Short descriptive text snippets
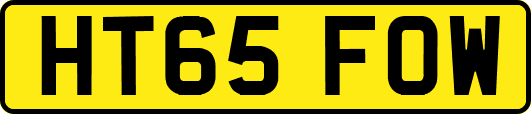 HT65FOW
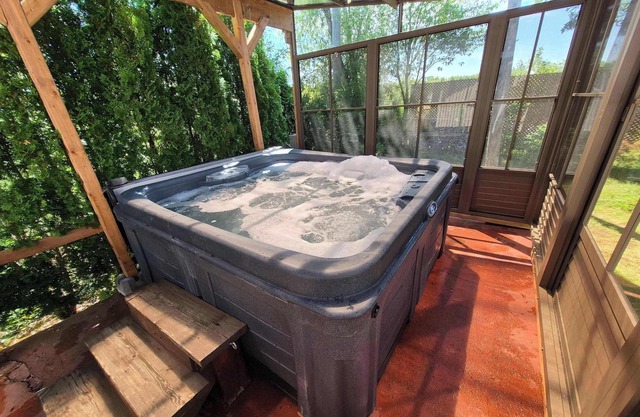 La Cabane Sereine | SPA Privé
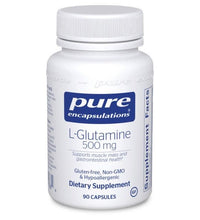 l-Glutamine 500 Mg. 90's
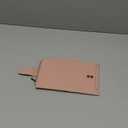 Airkit Small Wallet Women RFID Blocking Soft Leather Bifold Compact Card Holder Wallet for Women with Zipper Coin Pocket 4 ID Window (Light Pink)
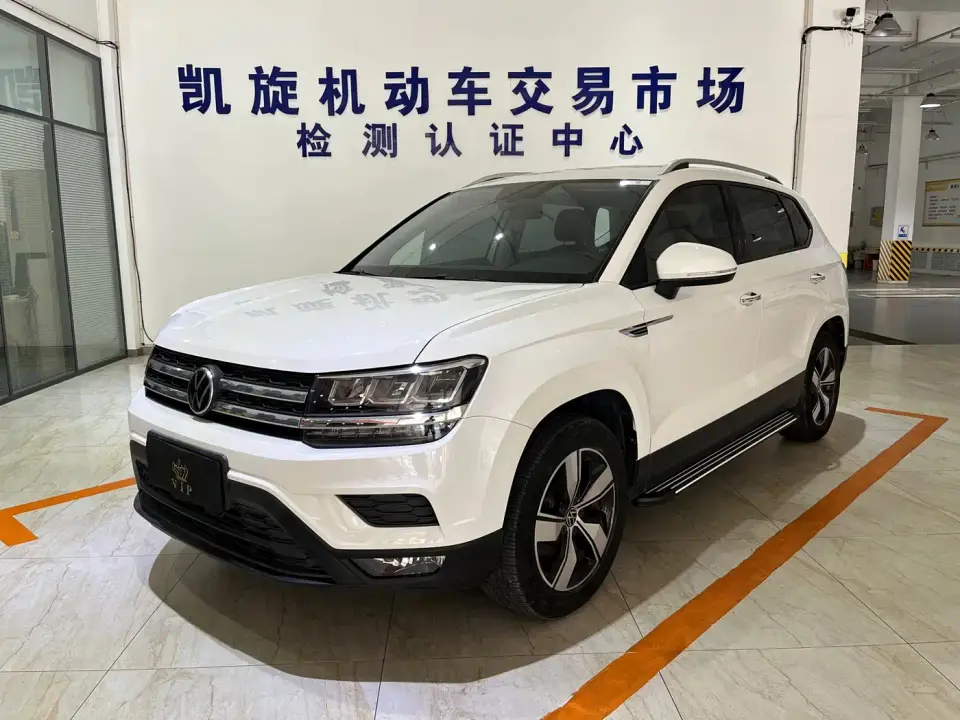 Volkswagen Tharu 280TSI 2WD Comfort 2022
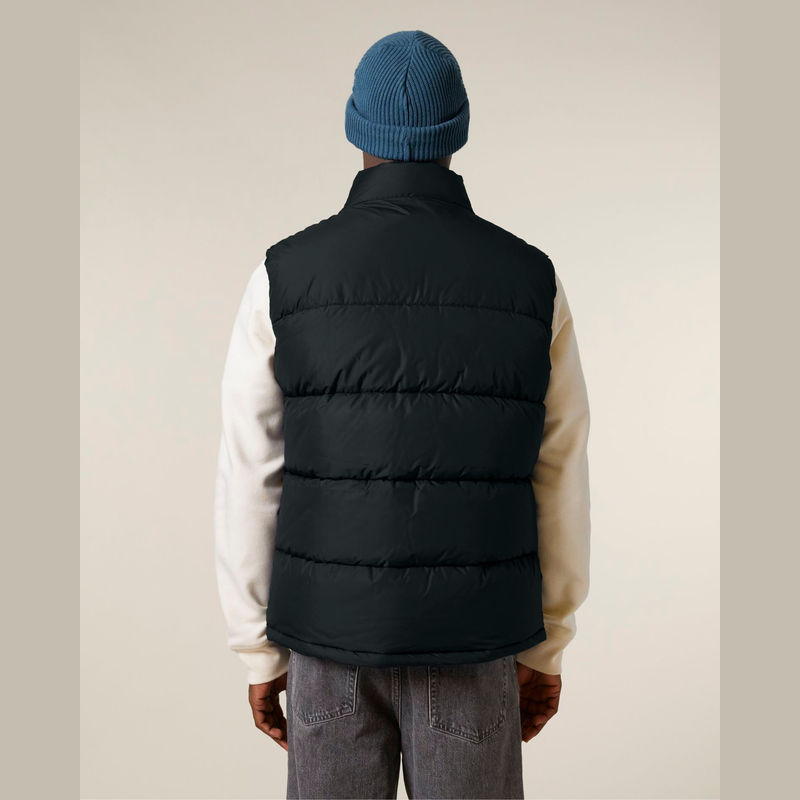 Puffer gilet unisex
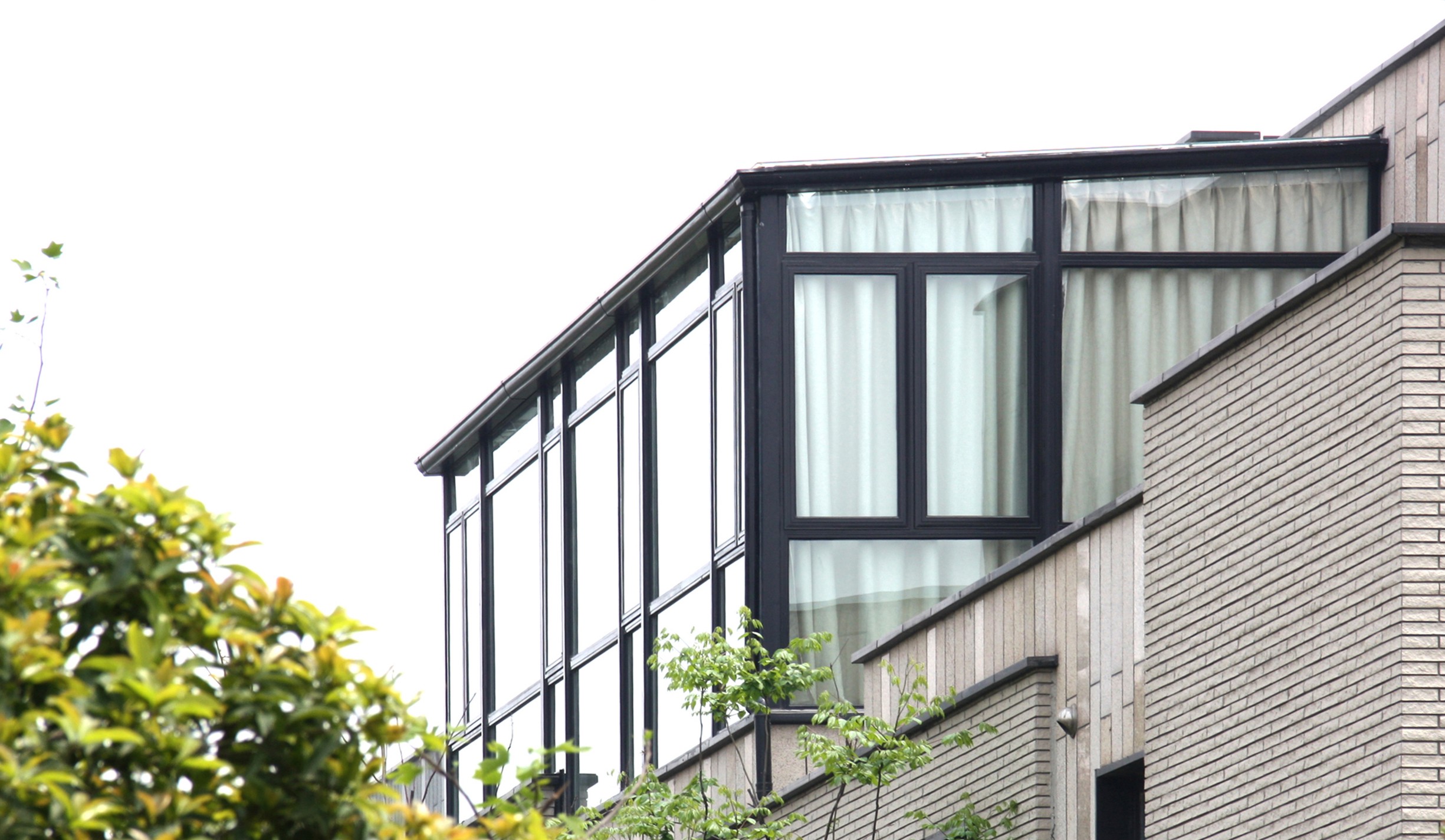 門窗鋼結(jié)構(gòu)案例一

Problem requirements => Can you repeat every record above exactly, apart from the pictures?

Result of the task =>
 HT65FOW
 La Cabane Sereine | SPA Privé
 l-Glutamine 500 Mg. 90's
 Airkit Small Wallet Women RFID Blocking Soft Leather Bifold Compact Card Holder Wallet for Women with Zipper Coin Pocket 4 ID Window (Light Pink)
 Volkswagen Tharu 280TSI 2WD Comfort 2022
 Puffer gilet unisex
 門窗鋼結(jié)構(gòu)案例一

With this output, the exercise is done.